The National Transportation Safety Board says that ASTM design standards used by the Federal Aviation Administration as the basis for certificating its light sport aircraft are “deficient,” according to a report by John Croft in Flight International magazine.
Along with asking the FAA to ground one particular LSA model, Zenith’s Zodiac CH-601XL, the NTSB is asking ASTM to bolster requirements to reduce the potential for aerodynamic flutter, minimize inadvertent over-controlling of the aircraft through stick forces, and ensure accurate airspeed indications, Croft wrote. The NTSB action followed its suspicions that flutter and other related factors in six CH-601XL crashes killed 10 people since 2006.
Zenith has said it believes that wing flutter will not occur if the control cables are properly adjusted. It commented that each accident discussed in the NTSB grounding request occurred under different circumstances. “Some of the accidents are still being investigated and what caused those accidents has not been determined,” a Zenith spokesman said.

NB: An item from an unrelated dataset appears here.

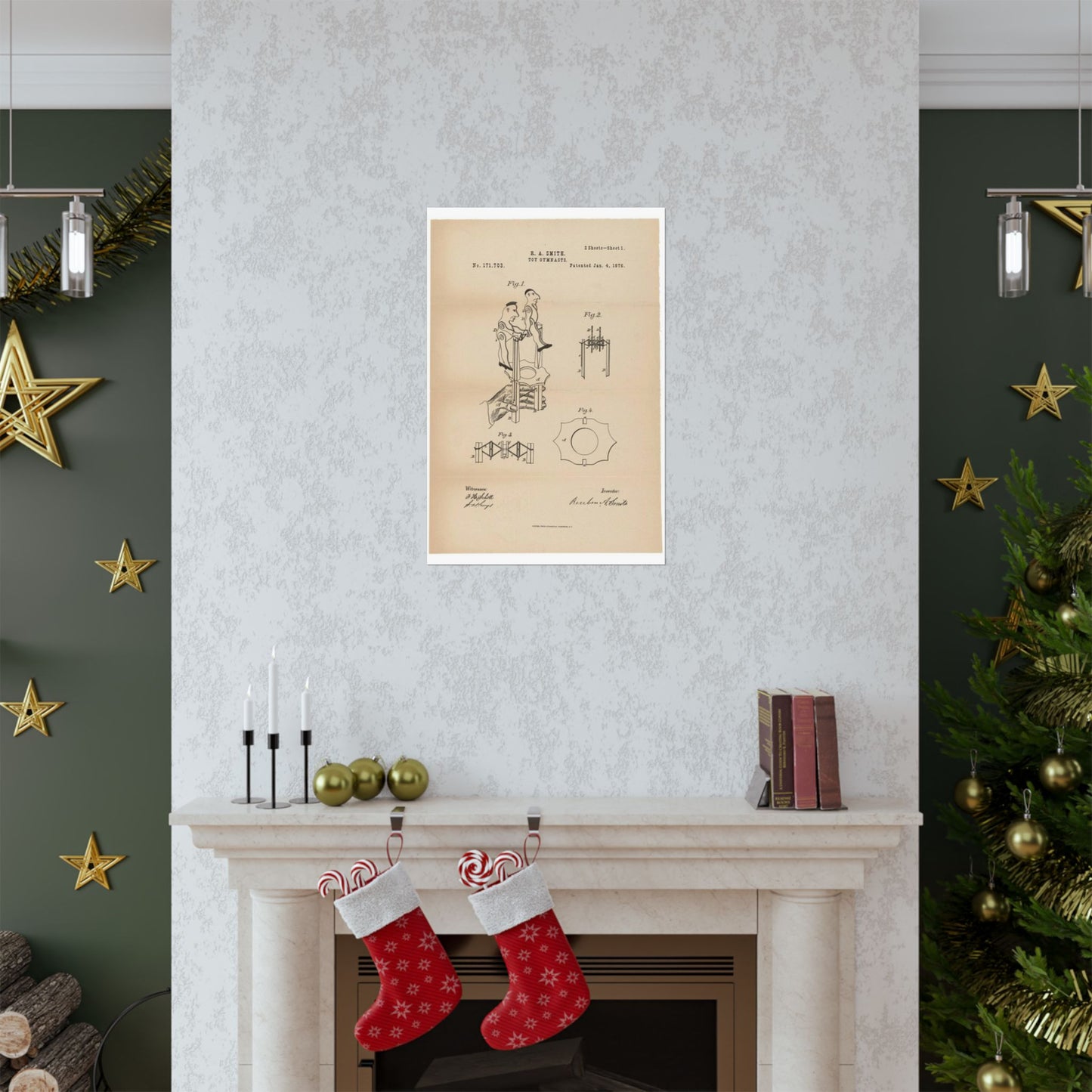 Patent drawing - for a Toy Gymnast Public domain image High Quality Matte Wall Art Poster for Home, Office, Classroom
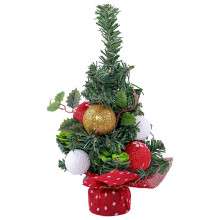 Tabletop Christmas Trees with Ornaments, Xmas Bonsai Artificial Tree with Red Green Decor for Holiday Home and Desktop Ornaments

The FAA granted the first airworthiness certificates in its then-new LSA category in 2005. The category marked a sharp departure from regulatory practice, with the FAA adopting airworthiness standards written by a consensus committee system in which it was not a leader, but a minor participant. The process, governed by ASTM International, is a model the FAA may replicate in other emerging aviation categories such as unmanned and suborbital vehicles and, perhaps eventually, even in commercial aviation.